WHAT THE EXERCISE ASKS:
Please write out exactly the lines that begin at the line containing "this 1270×952 image." and run to the end of the records.

*** DATA RECORDS ***

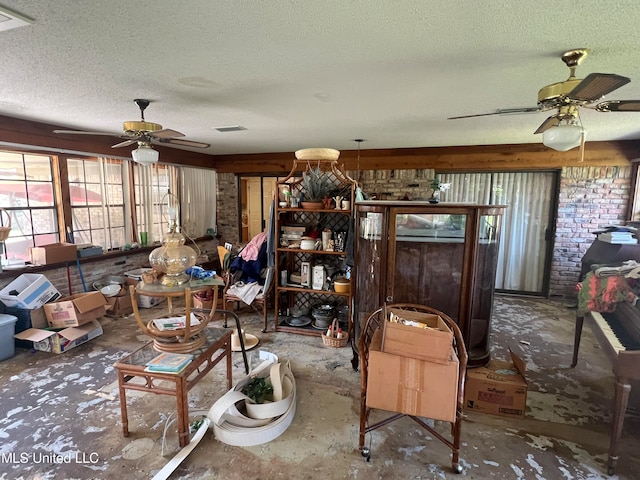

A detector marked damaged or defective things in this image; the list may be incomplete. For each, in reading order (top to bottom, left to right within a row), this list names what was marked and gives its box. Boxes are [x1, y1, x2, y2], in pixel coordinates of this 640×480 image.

damaged flooring [1, 294, 640, 478]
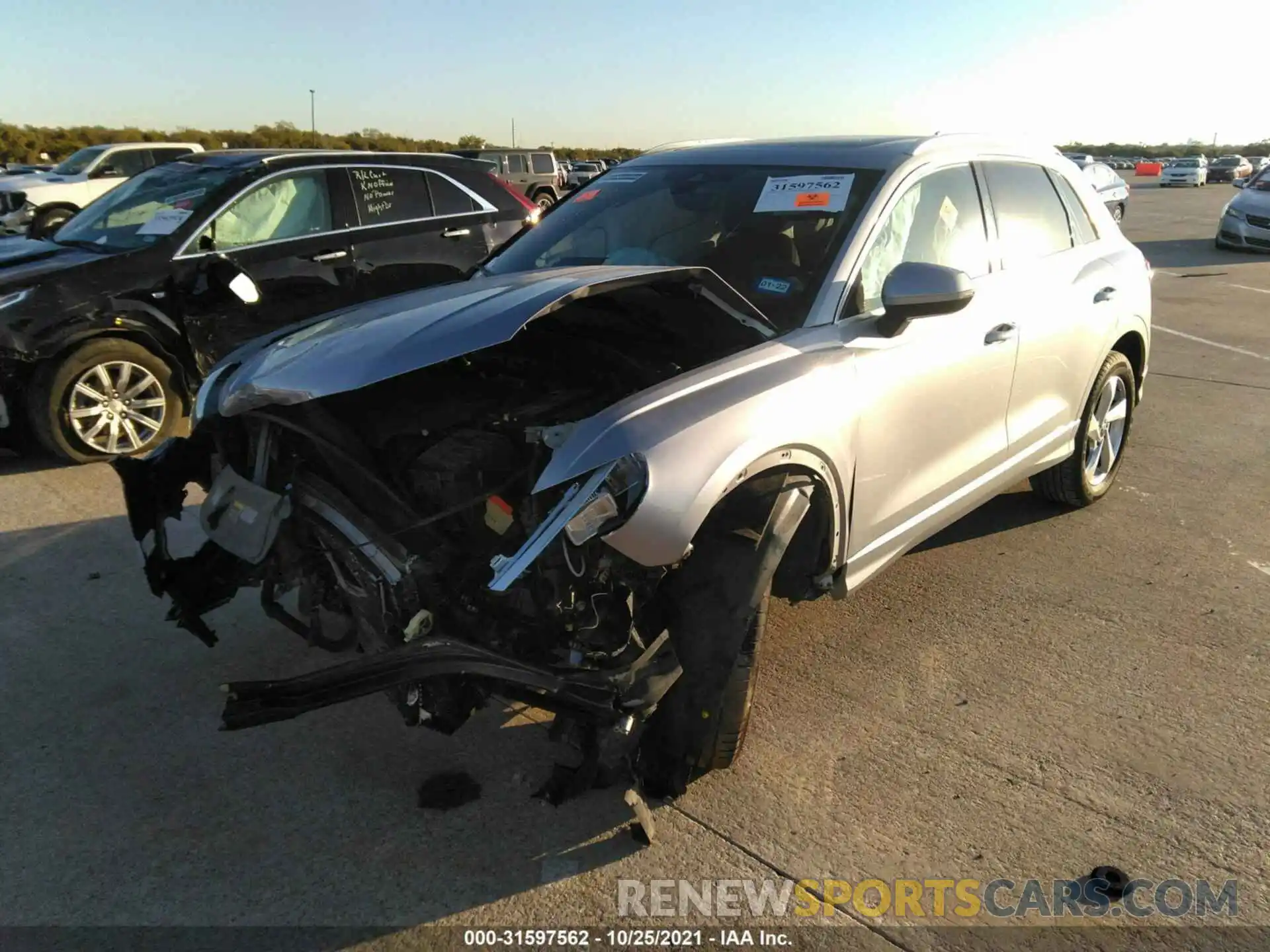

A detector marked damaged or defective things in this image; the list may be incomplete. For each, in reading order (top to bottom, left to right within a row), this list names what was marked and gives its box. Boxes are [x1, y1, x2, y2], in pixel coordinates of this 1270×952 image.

crumpled hood [216, 266, 772, 418]
damaged front end [116, 265, 782, 802]
broken headlight [564, 452, 645, 543]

*** End of DATA RECORDS ***

RESULT FOR THIS TASK:
A detector marked damaged or defective things in this image; the list may be incomplete. For each, in reading order (top to bottom, left to right within a row), this list names what was marked and gives its box. Boxes are [x1, y1, x2, y2], in pixel coordinates of this 1270×952 image.

crumpled hood [216, 266, 772, 418]
damaged front end [116, 265, 782, 802]
broken headlight [564, 452, 645, 543]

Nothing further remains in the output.